Yep you screwed up, you will try better next time. This specicifically went wrong, these were the choices or other work load things involved in the situation that caused the problem and here is the intent to do better due to this happening. Should there be a specific person under you that screwed up, that person is your responsibility. If evident so far that you screwed up, it's either falling under your supervision or not. Hmm, can't figure out how that guide wire out of a Dragon Anti-Tank Missle got fed out of a 155mm cannon, still here is the datta from what we fired. If otherwise what was screwed up and under your supervison, blame with those above you stops with you and those under your supervision, their rear is your's not your boss's unless important to state that while their rear is yours, they were the final cause given in your part a lack of their supervision.

Big boss, crew chief, and tech people are pissed in what you probably were not responsible for doing, got done wrong. You in accepting overall responsibility for it give them what they need - nothing worse than a on the job site assumption of blame and denial of it. You specify what went wrong and accept overall responsibility for it both in what went wrong and what you will do better. There is in the end no better options available.


----------



## gafftaper (Mar 24, 2006)

I've always taught my crew students that the important thing is not the screw up, it's what you learn from it. Any time a student made a big mistake, I always sat down with them about what they could have done to avoid the problem. 

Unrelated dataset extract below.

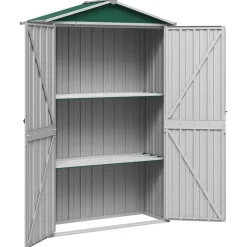 vidaXL haveskur 116x45x175 cm galvaniseret stål grøn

Your mistake? It wasn't that you forgot to plug in the Lectern. Your mistake was that you didn't have (or follow) a standard preshow test routine. We all forget to plug something in now in then, heck sometimes you've got it plugged in and it still doesn't work. Dedication to boring nightly preshow routines seperates the wanabe's from the real techs.


----------



## Foxinabox10 (Mar 24, 2006)

I believe the key problem here is that the school did not communicate the proper set up early enough. The original statement led me to believe that the lectern had to be moved semi-last-minute and that is what causes problems like this.


----------



## gafftaper (Mar 25, 2006)

Foxinabox10 said:


> I believe the key problem here is that the school did not communicate the proper set up early enough. The original statement led me to believe that the lectern had to be moved semi-last-minute and that is what causes problems like this.



Not trying to pick on the original poster but the point is, there's ALWAYS time for one tap on the microphone or a quick listen over the headphones. Simple routines makes great tech every time.


----------